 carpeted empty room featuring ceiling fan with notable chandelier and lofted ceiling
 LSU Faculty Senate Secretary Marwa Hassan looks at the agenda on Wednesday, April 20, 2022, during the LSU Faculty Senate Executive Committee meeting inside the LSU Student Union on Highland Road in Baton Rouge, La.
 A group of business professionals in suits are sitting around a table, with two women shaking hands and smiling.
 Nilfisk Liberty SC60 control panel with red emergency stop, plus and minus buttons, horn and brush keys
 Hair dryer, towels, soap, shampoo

--

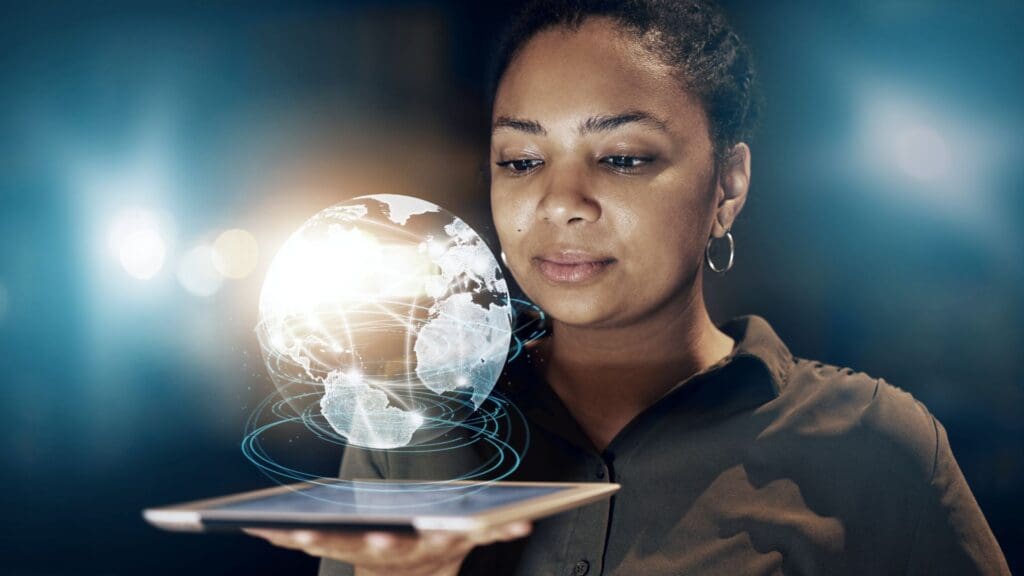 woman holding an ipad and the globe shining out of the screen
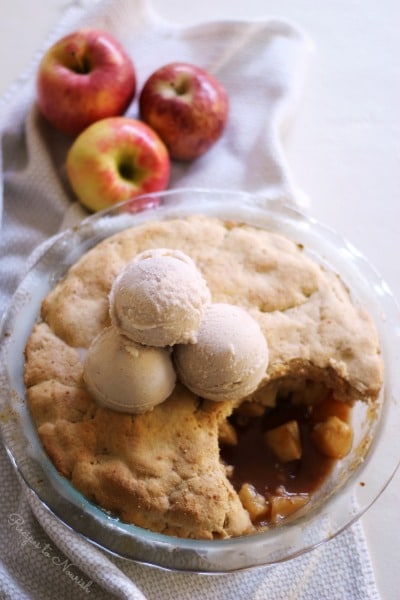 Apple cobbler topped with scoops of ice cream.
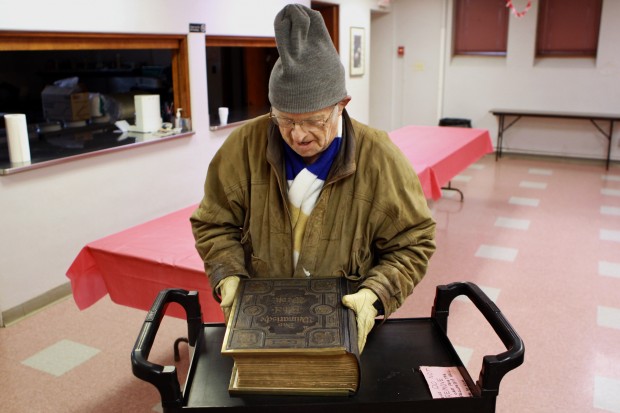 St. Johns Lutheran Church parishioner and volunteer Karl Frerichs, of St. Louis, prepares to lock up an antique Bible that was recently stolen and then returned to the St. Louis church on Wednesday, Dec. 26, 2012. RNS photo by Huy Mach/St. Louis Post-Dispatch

What is expected.
In the listing above, locate the line containing "carpeted empty room" and the line containing "Hair dryer, towels, soap, shampoo". Transcribe those two lines and everything between them, exactly as written.

Result of this exercise.
 carpeted empty room featuring ceiling fan with notable chandelier and lofted ceiling
 LSU Faculty Senate Secretary Marwa Hassan looks at the agenda on Wednesday, April 20, 2022, during the LSU Faculty Senate Executive Committee meeting inside the LSU Student Union on Highland Road in Baton Rouge, La.
 A group of business professionals in suits are sitting around a table, with two women shaking hands and smiling.
 Nilfisk Liberty SC60 control panel with red emergency stop, plus and minus buttons, horn and brush keys
 Hair dryer, towels, soap, shampoo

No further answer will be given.